Riposte contre Ebola en RDC : les autorités montent au créneau pour défendre leur bilan
En déplacement à Bunia, au cœur de la province de l’Ituri, le ministre de la Communication et des Médias, Patrick Muyaya, a plaidé pour une reconnaissance factuelle des actions menées par le pouvoir public dans la lutte contre l’épidémie d’Ebola. Cette crise sanitaire, qui touche actuellement l’Ituri ainsi que le Nord-Kivu et le Sud-Kivu, mobilise d’importantes ressources dans l’est de la République démocratique du Congo.
Une volonté de transparence face aux critiques
Accompagné du ministre de la Santé publique, Roger Samuel Kamba, le porte-parole du gouvernement a réagi aux réserves exprimées par certaines organisations non gouvernementales. S’il concède que des obstacles subsistent, Patrick Muyaya a insisté sur la nécessité d’évaluer la situation sans sombrer dans l’alarmisme. Pour lui, l’exercice de communication reste transparent et ouvert au débat constructif.
Le ministre a souligné que l’État congolais n’a pas attendu l’aide internationale pour agir. Une enveloppe de 50 millions de dollars a déjà été débloquée sur fonds propres. Il a également tenu à préciser que les financements étrangers évoqués par certains partenaires ne sont pas versés directement au Trésor public, mais sont gérés par des structures associatives privées.
Priorité aux résultats sanitaires concrets
De son côté, Roger Samuel Kamba a affirmé son intention de se distancier des polémiques pour se consacrer exclusivement aux indicateurs de performance. Le ministre de la Santé privilégie une approche basée sur les données :
- Nombre de dépistages effectués mensuellement ;
- Ouverture de nouveaux centres de traitement ;
- Déploiement des relais communautaires dans les zones isolées ;
- Suivi rigoureux des échantillons et taux de guérison des patients.
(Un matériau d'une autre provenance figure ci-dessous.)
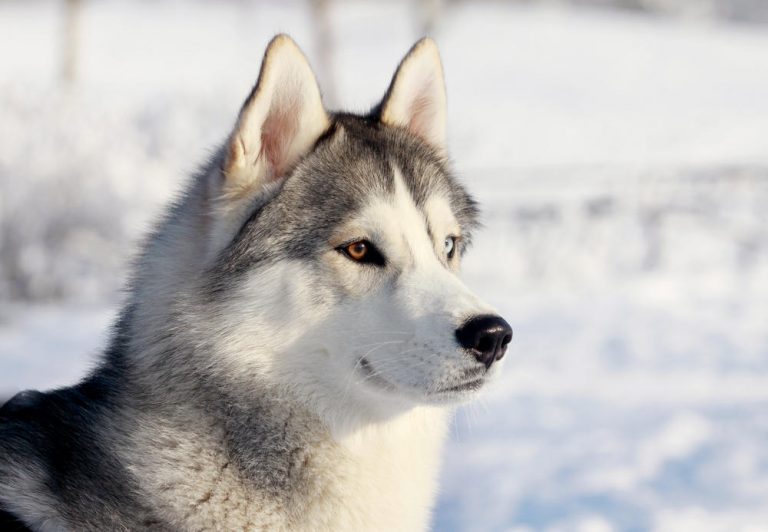 Can Huskies Have Brown Eyes Eye Color Info Q A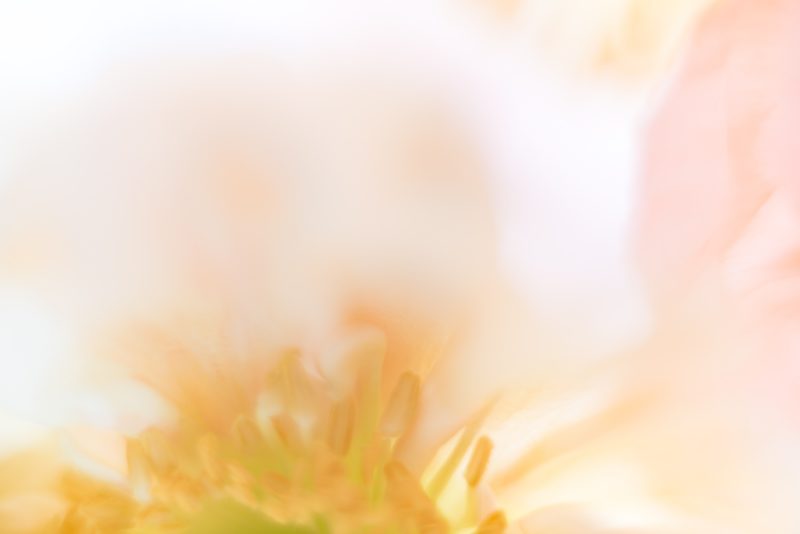 Sunny Poppy — Ltd Ed Print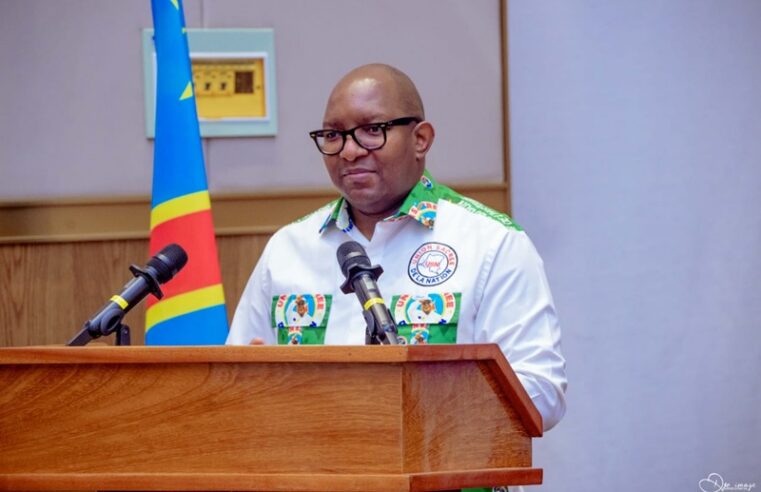 Soutien politique en rdc : jean-michel sama lukonde valide la loi référendaire de tshisekedi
Pour le responsable de la santé, le succès de l’intervention se mesurera au terme de la crise, loin des rumeurs ou des stratégies d’influence de certains acteurs de terrain.
Un contexte épidémiologique complexe
L’épidémie actuelle, identifiée comme la souche Bundibugyo, a été classée urgence de santé publique de portée internationale. Sa propagation vers l’Ouganda et son expansion géographique inquiètent les instances sanitaires mondiales. La forte mobilité humaine, la précarité des infrastructures et l’insécurité dans les zones de conflit compliquent singulièrement la tâche des équipes médicales.
À ce jour, aucun vaccin ou traitement spécifique n’est encore validé pour cette variante particulière du virus. Toutefois, les autorités de la République démocratique du Congo affichent leur détermination, s’appuyant sur une expertise solide acquise lors de la gestion réussie des seize précédentes épidémies sur le territoire national.